Source data Block Start

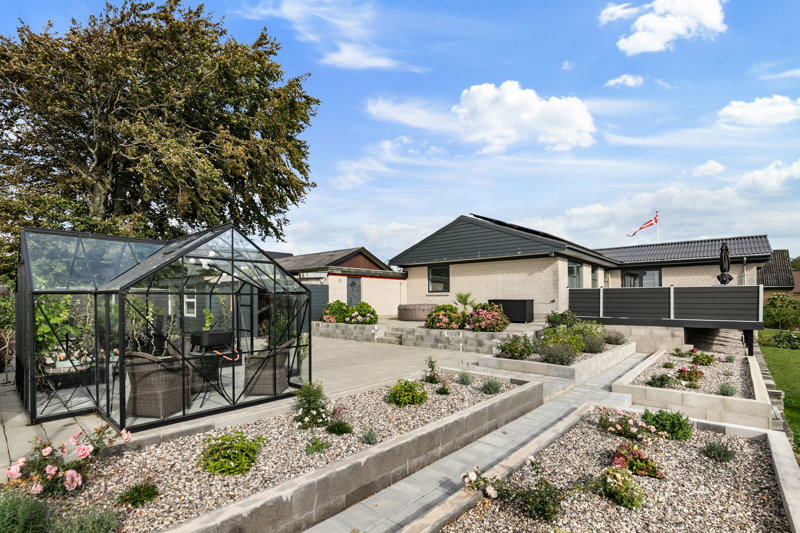 Property image number 2
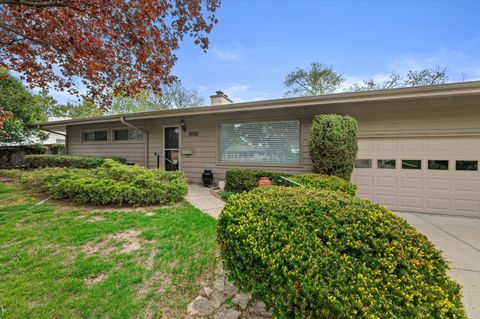 Photo of 901 Hawthorn Dr, Waukesha, WI 53188 (MLS # 1961592)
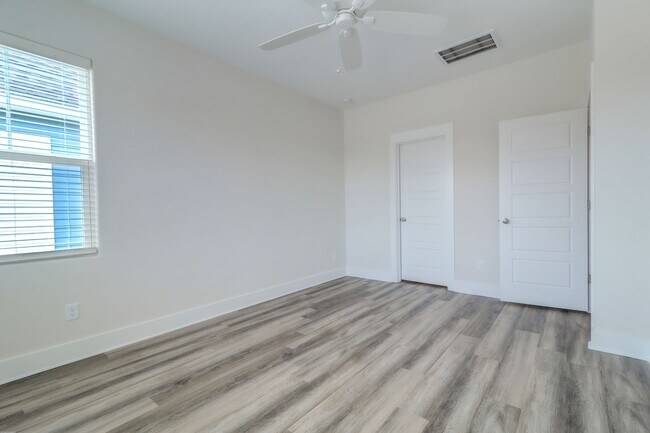 Building Photo - Beautifully Maintained 3 Bedroom, 2.5 Bath...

Source data Block End

Exercise requirements → Repeat the full listing above exactly, with no pictures in the copy.

Exercise response →
 Property image number 2
 Photo of 901 Hawthorn Dr, Waukesha, WI 53188 (MLS # 1961592)
 Building Photo - Beautifully Maintained 3 Bedroom, 2.5 Bath...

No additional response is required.